We just need to fix the temp files creation to use a unique string (pid?), otherwise at times some tests collide in a race condition over the same temp file path.

And if you have a powerful machine, you might be able to crank it up even more. I run out of 8GB CUDA memory when using more than 8 workers.

stas · December 14, 2018, 3:16am

For those of you who wanted to understand the Pillow-SIMD and libjpeg-turbo story with all of its complexities head to https://docs.fast.ai/performance.html#faster-image-processing, where it’s unraveled for you including installation details with the complex nuances of it.

There is now an automated script that does the performance analysis for you.

It’s discussed in this new thread:

stas · December 14, 2018, 3:19am

Also note a new dependency: nvidia-ml-py3, so make sure you either install it (pip/conda) or run 'pip install -e .[dev]aftergit pull`.

And with nvidia-ml-py3 you can start tapping into nvidia status from fastai code w/o needing the awkward parsing of nvidia-smi's output.

nvidia-ml-py3 was already on pypi and we added a conda version in the fastai channel.

And it’s super fast!

finn · December 14, 2018, 8:53am

Hi guys,
i am new to the course an am having issues with gpu management or capacity (which idk).
I outlined the issue here: https://github.com/fastai/fastai/issues/1330
Is it a problem of management? i sure hope so

bfarzin · December 14, 2018, 10:37pm

I have been working on a simple Language Model generator in fast.ai v1

All works quite smoothly and then I hit the learner.predict() and get different text generation each time I call it. Digging into the code, I see how torch.multinomial() is being called to sample from the output probabilities. I also (think) I understand the temperature and min_p parameters which allow you to control how much variation you want in your selection. (for example, if you set temp = 0 , you get a uniform selection of words and a random sample on the output.)

What I don’t see is a configuration that will take the single-best word on each pass through the loop. This could lead to “loops” where you flip-flop predictions but I think that would be good to know about your network. This would also generate the same words in the same order given the same state.

Am I missing something important here about how the text.learner.predict() works? Or a set of parameters that would meet this criteria?

Benudek · December 17, 2018, 4:47pm

Where would be a good place to discuss test coverage, e.g. as a subtopic in: Dev Projects Index ?

Made a simple test coverage for basic_data.show_batch in test_text_data.py. Motivation initially was I could try to reproduce this bug here: https://forums.fast.ai/t/getting-cuda-oom-on-lesson3-imdb-notebook-with-a-bs-8/30080/14 . But I could already make a PR of the test scripts, even though, there are no asserts: its simply coverage for this method as a regression test that it doesn’t throw exceptions.

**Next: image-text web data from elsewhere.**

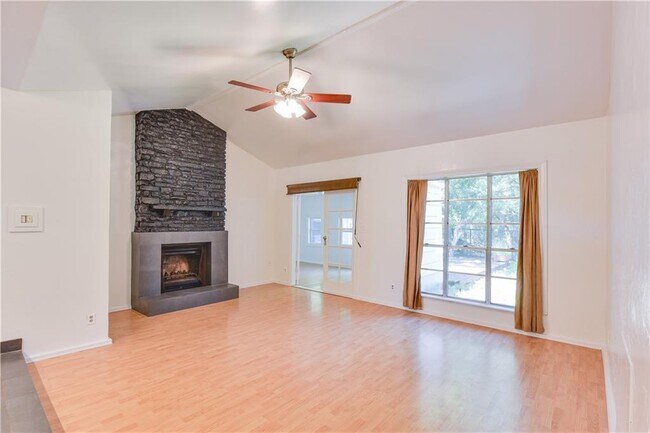 Building Photo - 4900 Brushy Ridge Dr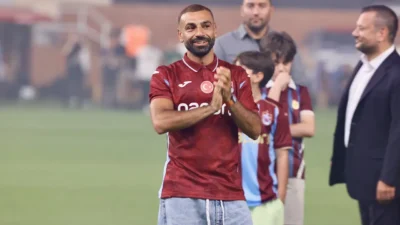 Trabzonspor Teknik Direktörü Fatih Tekke, Göztepe ile oynanan hazırlık maçının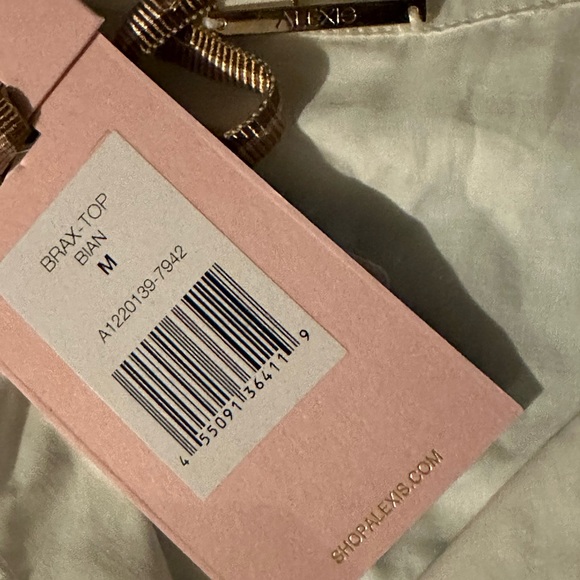 NWT: Alexis Ruffled Blouse - Picture 5 of 6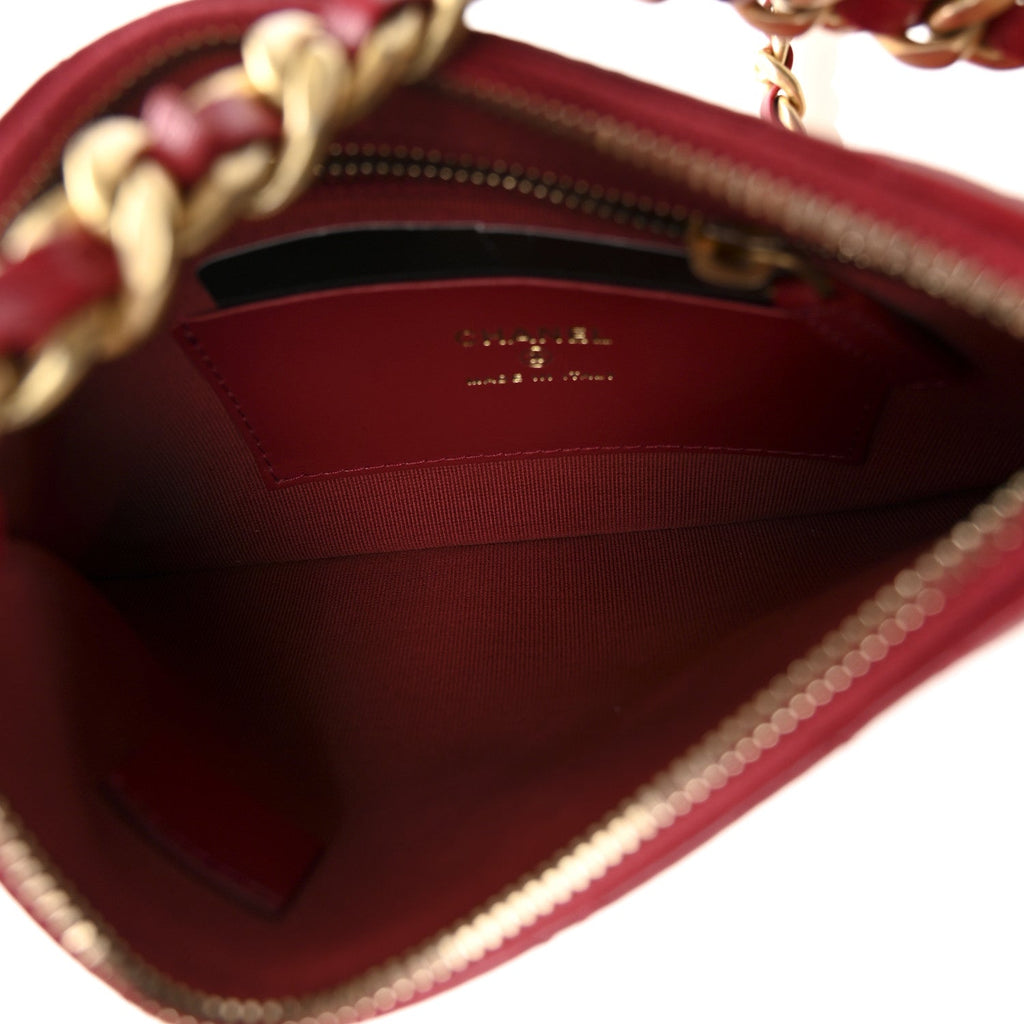 Shiny Lambskin Quilted Trendy Chain Around Hobo Red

After running make coverage, I can see other areas, where test scripts could be useful. Am aware of the general guidelines (https://docs.fast.ai/dev/test.html), but maybe good to have one place to coordinate, set prios and have guidelines when asserts matter (or not)? Might help preventing non - accepted PRs.

@stas

stas · December 17, 2018, 6:08pm

Coverage for the sake of coverage is mostly meaningless unless it verifies the workings, but tests for the functionality that hasn’t been tested yet are very welcome.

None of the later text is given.